_EXERCISE DETAILS_: With the pictures left aside, write out exactly the lines of the listing below from the line with "Op de afbeelding: Auto-interieur" to the line with "Close-up of the", both included, and only those.

_PROVIDED MATERIAL_:
......
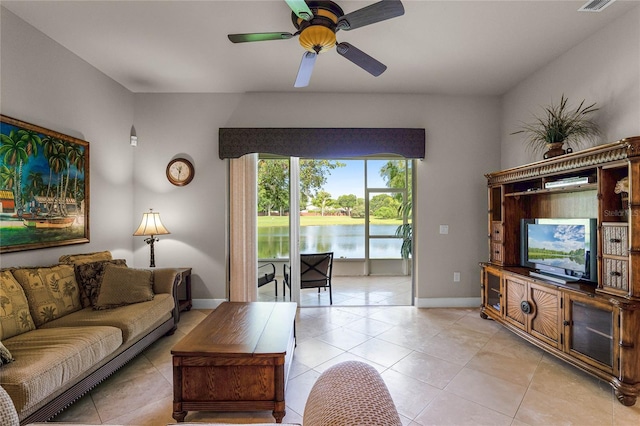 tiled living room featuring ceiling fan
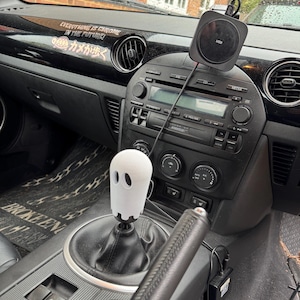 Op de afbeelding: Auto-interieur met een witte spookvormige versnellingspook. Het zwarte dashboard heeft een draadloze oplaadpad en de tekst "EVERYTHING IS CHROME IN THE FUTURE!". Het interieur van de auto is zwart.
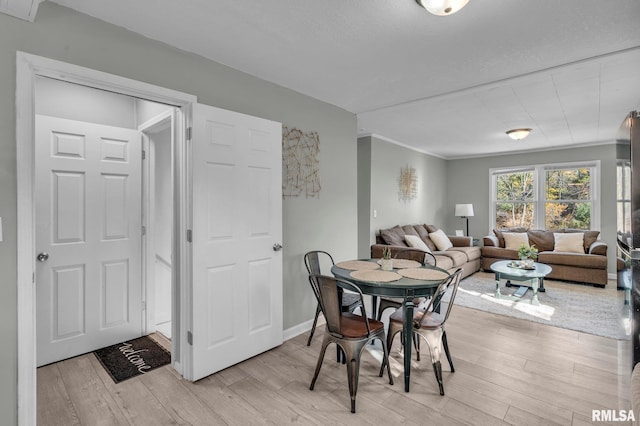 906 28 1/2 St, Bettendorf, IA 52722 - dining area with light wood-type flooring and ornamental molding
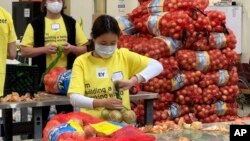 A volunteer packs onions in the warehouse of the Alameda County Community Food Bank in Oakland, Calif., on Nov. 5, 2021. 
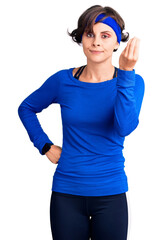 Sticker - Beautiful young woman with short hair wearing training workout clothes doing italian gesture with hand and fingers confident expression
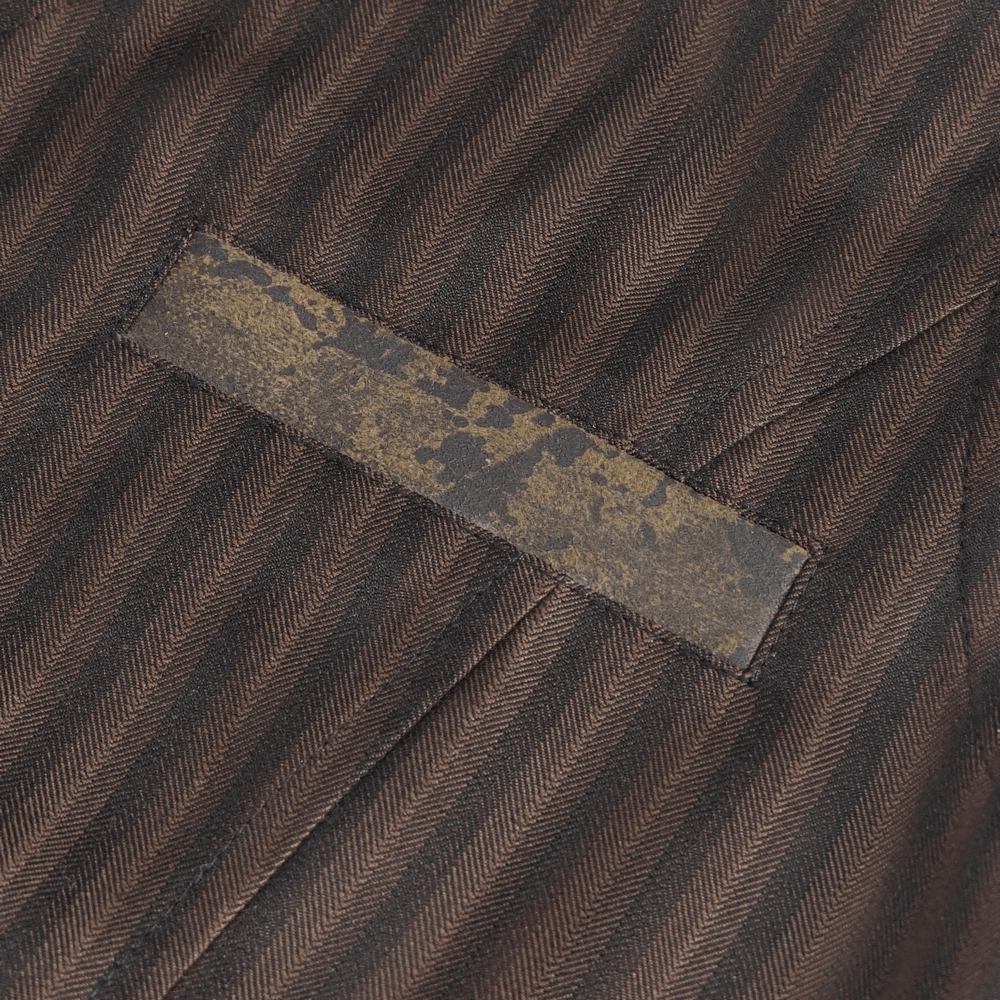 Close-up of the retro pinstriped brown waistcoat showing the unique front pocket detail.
......
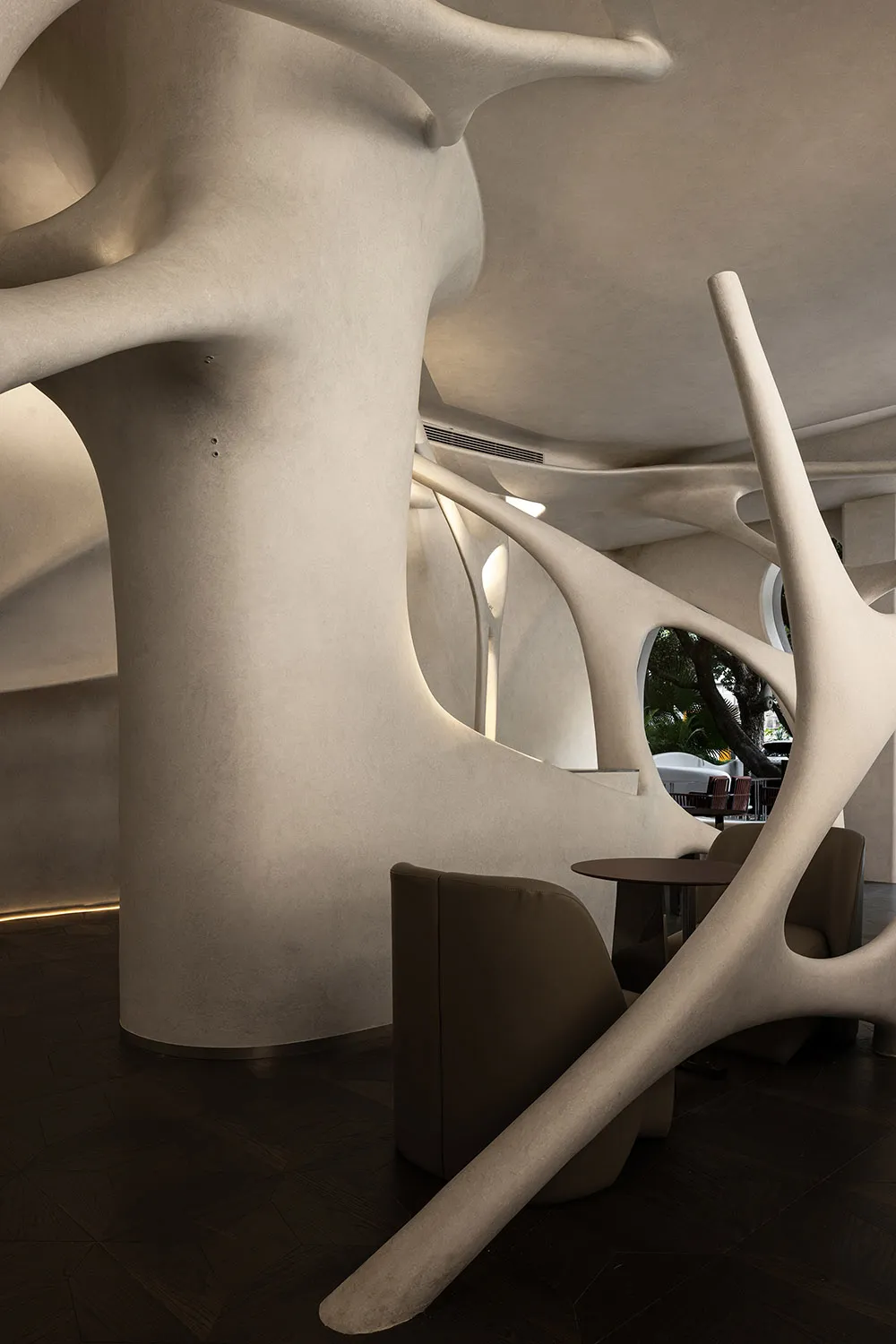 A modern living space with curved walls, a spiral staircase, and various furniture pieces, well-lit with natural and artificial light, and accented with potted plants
......
_OUTPUT OF THE EXERCISE_:
 Op de afbeelding: Auto-interieur met een witte spookvormige versnellingspook. Het zwarte dashboard heeft een draadloze oplaadpad en de tekst "EVERYTHING IS CHROME IN THE FUTURE!". Het interieur van de auto is zwart.
 906 28 1/2 St, Bettendorf, IA 52722 - dining area with light wood-type flooring and ornamental molding
 A volunteer packs onions in the warehouse of the Alameda County Community Food Bank in Oakland, Calif., on Nov. 5, 2021. 
 Sticker - Beautiful young woman with short hair wearing training workout clothes doing italian gesture with hand and fingers confident expression
 Close-up of the retro pinstriped brown waistcoat showing the unique front pocket detail.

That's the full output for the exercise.